In view of that, I expect the movement for homosexual "marriage" to stall in ten years, and it will never be accepted by the majority of religious people now opposed to it.
Interesting. I percieve things completely differently. Acceptance of homosexuality and homosexual marriage seems to be ascendent while religious influence - not just pertaining to this issue but all aspects of life - is declining rapidly.
Just out of curiousity, can you explain the differences you described between the rules in hetero and homo relationships?
-
Re: Proposition 8 declared unconstitutional
Quote:
Originally Posted by
Rhyfelwyr
Getting a tax-break for marriage is a priviledge, or a little bonus, not a right. As I said earlier, if you want to go the route of arguing that getting this a state-recognised marriage is a basic right (and I don't see how it is), what about asexuals or other people that won't/can't get married? They are in the exact same situation homosexuals have been in in California until recently.
Let me quote the US Supreme Court in Loving v. Virginia, 1967:
Quote:
Marriage is one of the "basic civil rights of man," fundamental to our very existence and survival.... To deny this fundamental freedom on so unsupportable a basis as the racial classifications embodied in these statutes, classifications so directly subversive of the principle of equality at the heart of the Fourteenth Amendment, is surely to deprive all the State's citizens of liberty without due process of law. The Fourteenth Amendment requires that the freedom of choice to marry not be restricted by invidious racial discrimination. Under our Constitution, the freedom to marry, or not marry, a person of another race resides with the individual and cannot be infringed by the State.
Emphasis added.
Quote:
Originally Posted by Rhyfelwyr
what about asexuals or other people that won't/can't get married?

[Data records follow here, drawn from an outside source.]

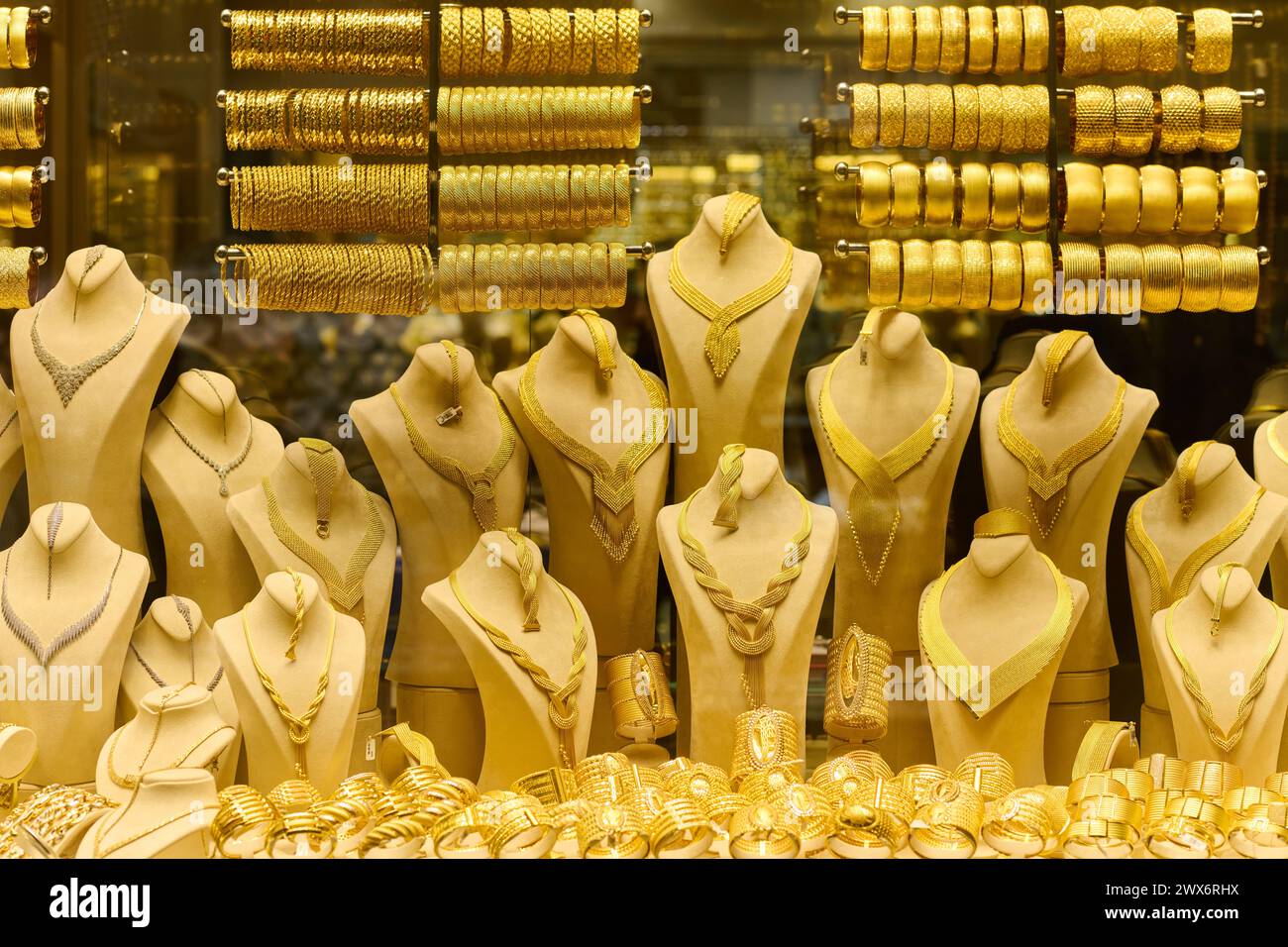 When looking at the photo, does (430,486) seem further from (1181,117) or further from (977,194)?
(1181,117)

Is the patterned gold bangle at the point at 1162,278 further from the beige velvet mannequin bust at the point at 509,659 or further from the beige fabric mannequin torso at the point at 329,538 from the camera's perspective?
the beige fabric mannequin torso at the point at 329,538

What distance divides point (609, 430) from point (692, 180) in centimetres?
51

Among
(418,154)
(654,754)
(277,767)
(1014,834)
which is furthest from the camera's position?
(418,154)

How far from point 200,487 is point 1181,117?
5.70 feet

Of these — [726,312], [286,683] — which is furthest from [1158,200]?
[286,683]

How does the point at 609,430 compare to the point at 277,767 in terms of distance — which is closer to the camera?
the point at 277,767

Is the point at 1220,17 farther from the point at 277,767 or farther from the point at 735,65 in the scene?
the point at 277,767

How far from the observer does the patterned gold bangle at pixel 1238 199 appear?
2.51 m

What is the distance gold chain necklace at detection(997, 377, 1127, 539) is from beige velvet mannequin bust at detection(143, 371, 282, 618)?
1.19 meters

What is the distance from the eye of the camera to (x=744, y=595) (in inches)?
86.0

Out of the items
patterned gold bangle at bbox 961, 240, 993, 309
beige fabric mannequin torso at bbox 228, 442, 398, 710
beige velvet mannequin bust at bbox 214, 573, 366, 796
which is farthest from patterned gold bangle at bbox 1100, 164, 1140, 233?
beige velvet mannequin bust at bbox 214, 573, 366, 796

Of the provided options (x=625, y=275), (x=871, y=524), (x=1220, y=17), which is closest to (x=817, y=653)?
(x=871, y=524)

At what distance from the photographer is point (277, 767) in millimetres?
2088

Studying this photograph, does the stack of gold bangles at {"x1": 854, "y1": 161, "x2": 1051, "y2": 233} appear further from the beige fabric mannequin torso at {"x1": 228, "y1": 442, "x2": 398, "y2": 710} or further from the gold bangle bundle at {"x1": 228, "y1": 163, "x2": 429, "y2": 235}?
the beige fabric mannequin torso at {"x1": 228, "y1": 442, "x2": 398, "y2": 710} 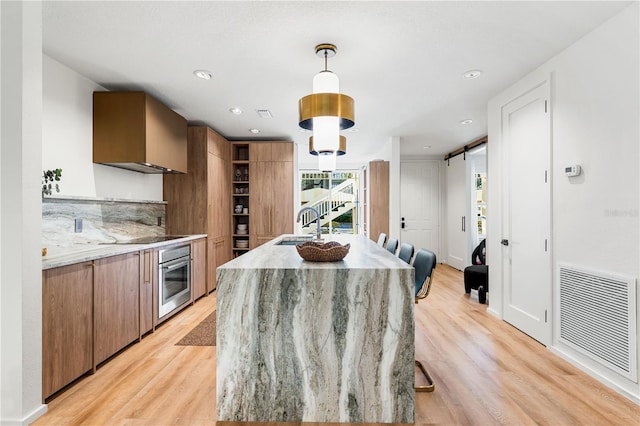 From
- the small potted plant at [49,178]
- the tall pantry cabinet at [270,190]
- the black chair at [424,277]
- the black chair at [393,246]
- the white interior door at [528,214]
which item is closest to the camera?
the black chair at [424,277]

If they won't get married, that implies that they have chosen not to. I don't think you can interpret anything I've ever said to mean that I want to force people to get married...
As for asexuals not being able to, why? I've never heard of any law forbidding them from doing it - if so, I would be against that too for the very same reason. I don't see your point.
Quote:
Originally Posted by Rhyfelwyr
It is hard to tell how exactly social values progress, the opposition I see to homosexuality here is usually not even on religious grounds.
Perhaps not here on this forum (I wouldn't know since I hardly spend any time here anyway), but outside I must say it is almost exclusively on religious grounds.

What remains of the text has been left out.